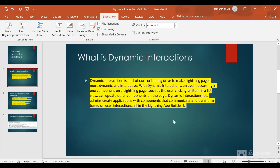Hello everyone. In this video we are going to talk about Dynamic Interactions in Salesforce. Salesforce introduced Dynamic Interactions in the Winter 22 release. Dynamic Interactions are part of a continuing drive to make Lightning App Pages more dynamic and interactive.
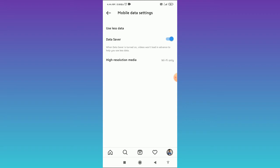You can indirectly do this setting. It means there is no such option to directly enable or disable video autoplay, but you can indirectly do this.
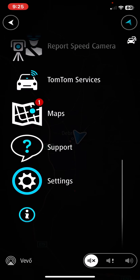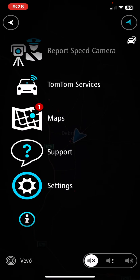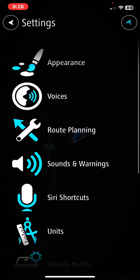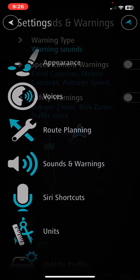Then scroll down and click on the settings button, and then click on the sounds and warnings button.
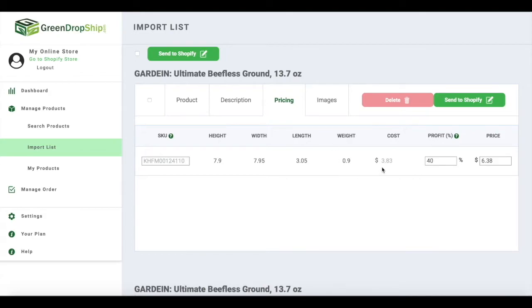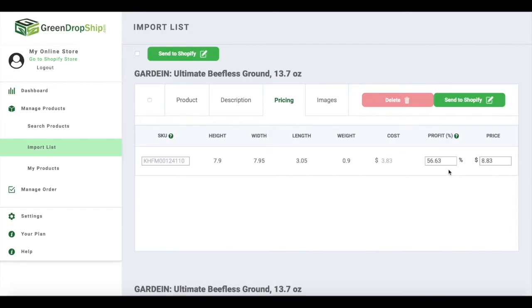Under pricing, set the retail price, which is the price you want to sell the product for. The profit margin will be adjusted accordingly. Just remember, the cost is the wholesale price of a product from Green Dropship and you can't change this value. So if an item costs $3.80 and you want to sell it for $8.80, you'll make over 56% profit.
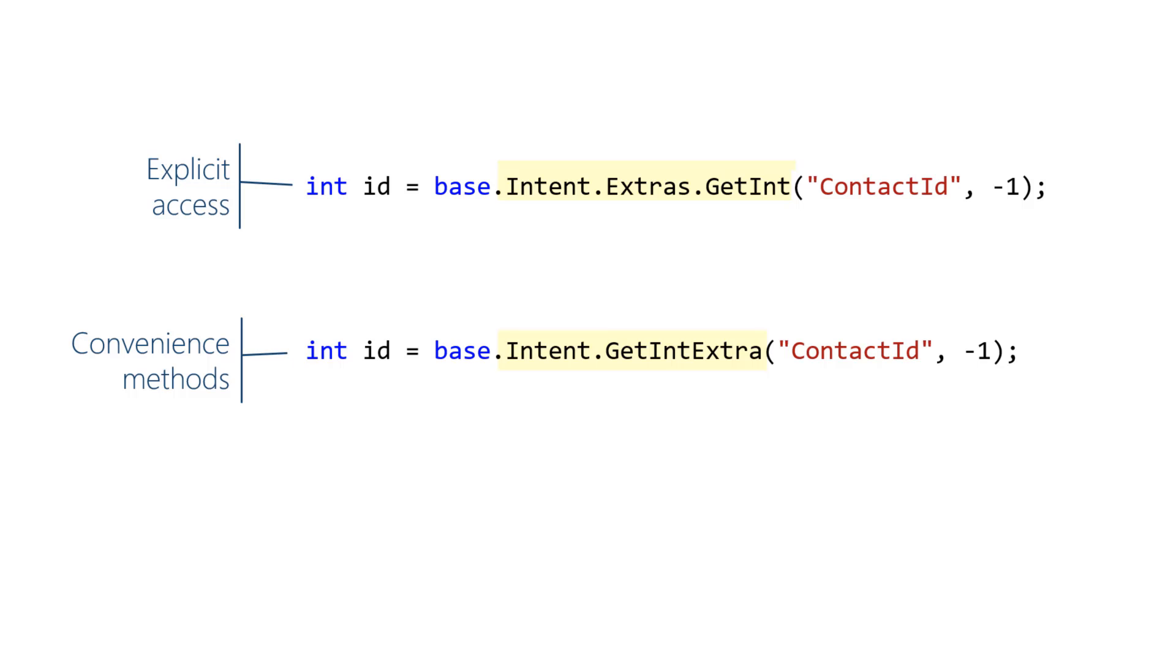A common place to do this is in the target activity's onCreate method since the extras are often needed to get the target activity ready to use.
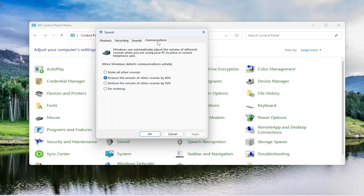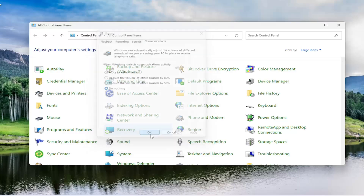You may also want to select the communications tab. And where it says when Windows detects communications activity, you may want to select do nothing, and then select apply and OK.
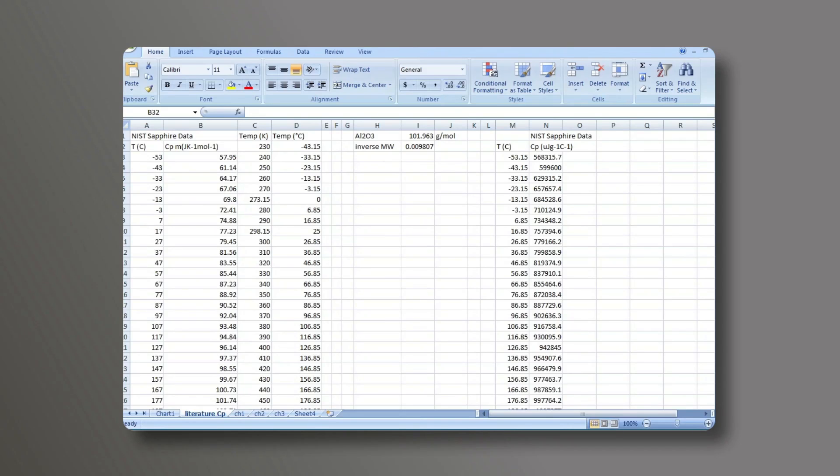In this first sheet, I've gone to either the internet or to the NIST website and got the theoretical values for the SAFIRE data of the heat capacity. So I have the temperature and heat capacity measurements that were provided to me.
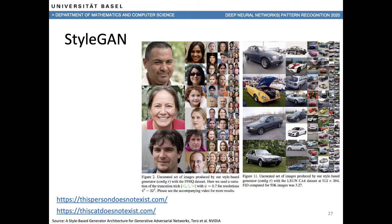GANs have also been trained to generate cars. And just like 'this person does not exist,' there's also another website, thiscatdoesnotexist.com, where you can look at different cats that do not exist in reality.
...
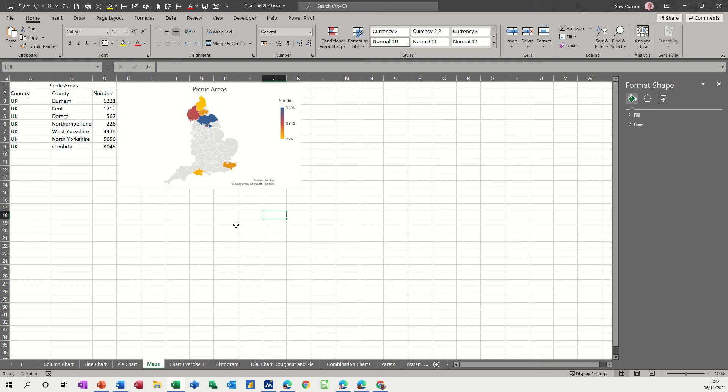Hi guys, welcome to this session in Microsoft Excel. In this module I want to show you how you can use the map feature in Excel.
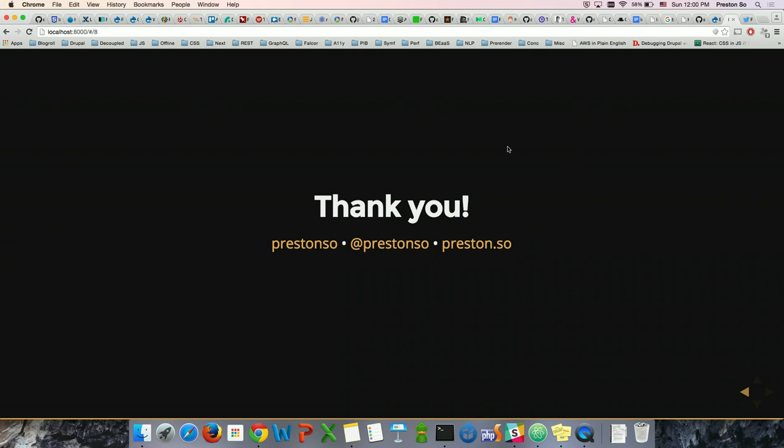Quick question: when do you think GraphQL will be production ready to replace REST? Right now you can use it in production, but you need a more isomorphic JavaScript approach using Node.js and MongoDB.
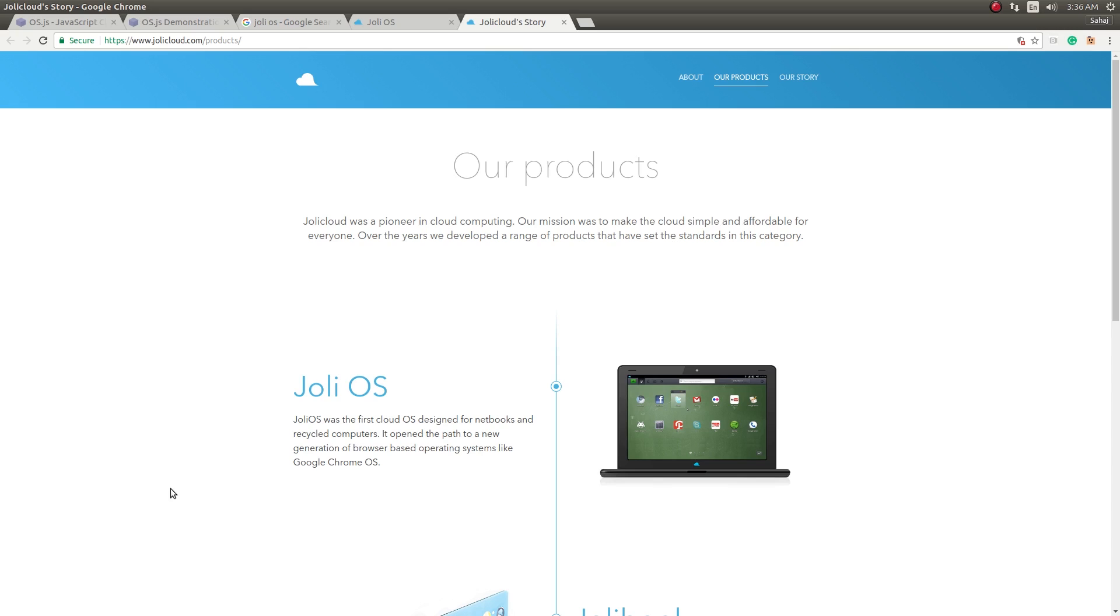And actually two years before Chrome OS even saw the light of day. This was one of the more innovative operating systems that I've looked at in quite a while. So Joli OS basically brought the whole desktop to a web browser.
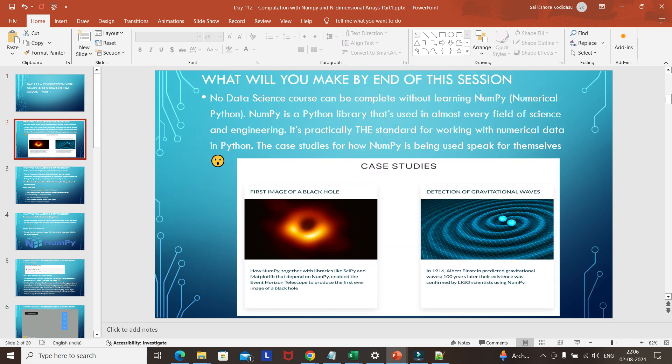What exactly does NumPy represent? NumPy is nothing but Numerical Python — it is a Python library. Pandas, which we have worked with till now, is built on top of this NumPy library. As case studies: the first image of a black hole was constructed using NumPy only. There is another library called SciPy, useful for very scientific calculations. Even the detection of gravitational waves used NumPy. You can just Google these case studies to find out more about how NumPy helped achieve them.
--
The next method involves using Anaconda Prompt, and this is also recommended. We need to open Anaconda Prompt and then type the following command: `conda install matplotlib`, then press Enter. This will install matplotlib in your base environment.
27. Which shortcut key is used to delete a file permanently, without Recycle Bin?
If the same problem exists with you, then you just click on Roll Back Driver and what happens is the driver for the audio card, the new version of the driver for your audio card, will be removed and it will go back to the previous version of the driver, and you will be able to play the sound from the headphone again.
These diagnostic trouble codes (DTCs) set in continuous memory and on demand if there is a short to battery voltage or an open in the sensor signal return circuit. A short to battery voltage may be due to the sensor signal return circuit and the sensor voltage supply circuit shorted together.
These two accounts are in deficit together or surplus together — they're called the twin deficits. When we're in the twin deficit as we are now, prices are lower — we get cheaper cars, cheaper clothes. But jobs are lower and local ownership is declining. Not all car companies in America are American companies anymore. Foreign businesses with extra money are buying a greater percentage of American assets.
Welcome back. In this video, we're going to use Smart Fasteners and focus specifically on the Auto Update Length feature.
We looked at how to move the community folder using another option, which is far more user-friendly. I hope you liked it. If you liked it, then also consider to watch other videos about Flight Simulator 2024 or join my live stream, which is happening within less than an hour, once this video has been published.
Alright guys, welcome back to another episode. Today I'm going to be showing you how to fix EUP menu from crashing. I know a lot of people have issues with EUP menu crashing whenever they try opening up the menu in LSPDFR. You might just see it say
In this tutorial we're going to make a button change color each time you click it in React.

EXERCISE OBJECTIVE: All lines above from the one containing "Hello everyone. In" up to and including the one containing "Then scroll down" are to be set down exactly, and nothing else. Leave images out.

TASK OUTPUT:
Hello everyone. In this video we are going to talk about Dynamic Interactions in Salesforce. Salesforce introduced Dynamic Interactions in the Winter 22 release. Dynamic Interactions are part of a continuing drive to make Lightning App Pages more dynamic and interactive.
You can indirectly do this setting. It means there is no such option to directly enable or disable video autoplay, but you can indirectly do this.
Then scroll down and click on the settings button, and then click on the sounds and warnings button.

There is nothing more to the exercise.